Gluttony is closely associated with fornication, which is what gluttony leads to, in addition to the heightening of lust and impure dreams.
The more you fast, the more natural it becomes for you, because your stomach shrinks, like unused leather bottles. Feeding hunger only begets more hunger, and it strengthens the tongue and its sins. Hunger must be cut off by hunger.
Gluttony also leads to revelry and jesting.
It is important not to rush toward hard fasts like bread and water, which you will not succeed at, but instead take food for health.
Long bit here on how it requires temperance plus humility to conquer unchaste passions, especially “unnatural” things done while alone, of which it is not good even to speak.

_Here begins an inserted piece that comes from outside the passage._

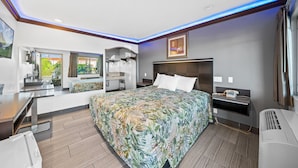 Een moderne hotelkamer met een groot bed, een bureau en een douche.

Rejecting all pleasure in beauty, even of immaterial things, makes us close to being like angels.
The good Lord shows His great care for us in that the shamelessness of the feminine sex is checked by shyness as with a sort of bit. For if the woman were to run after the man, no flesh would be saved. (63)
He goes on talking about the difficulty of chastity and various levels of consent one gives to impure thoughts, which become more sinful the greater the consent.
Love of money is the worship of idols. It often has need or care as a pretext, but we must “cut out care” to attain to “pure prayer” (66).
Poverty is the resignation of cares, life without anxiety, an unencumbered traveller, alienation from sorrow, fidelity to the commandments. (67)
Poverty requires detachment, whether in times of material prosperity or scarcity, as with Job.
This sounds like hypocrisy and self-righteousness.
He who has lost sensibility is a brainless philosopher, a self-condemned commentator, a self-contradictory windbag, a blind man who teaches others to see. He talks about healing a wound, and does not stop irritating it. He complains of sickness, and does not stop eating what is harmful. He prays against it, and immediately goes and does it. And when he has done it, he is angry with himself; and the wretched man is not ashamed of his own words. ‘I am doing wrong,’ he cries, and eagerly continues to do so. His mouth prays against his passion, and his body struggles for it. He philosophises about death, but he behaves as if he were immortal. He groans over the separation of soul and body, but drowses along as if he were eternal. He talks of temperance and self-control, but he lives for gluttony. He reads about the judgment and begins to smile. He reads about vainglory, and is vainglorious while actually reading. He repeats what he has learnt about vigil, and drops asleep on the spot. He praises prayer, but runs from it as from the plague. He blesses obedience, but he is the first to disobey. He praises detachment, but he is not ashamed to be spiteful and to fight for a rag. When angered he gets bitter, and he is angered again at his bitterness; and he does not feel that after one defeat he is suffering another. Having overeaten he repents, and a little later again gives way to it. He blesses silence, and praises it with a spate of words. He teaches meekness, and during the actual teaching frequently gets angry. Having woken from passion he sighs, and shaking his head, he again yields to passion. He condemns laughter, and lectures on mourning with a smile on his face. Before others he blames himself for being vainglorious, and in blaming himself is only angling for glory for himself. He looks people in the face with passion, and talks about chastity. While frequenting the world, he praises the solitary life, without realizing that he shames himself. He extols almsgivers, and reviles beggars. All the time he is his own accuser, and he does not want to come to his senses–I will not say cannot. (68-9)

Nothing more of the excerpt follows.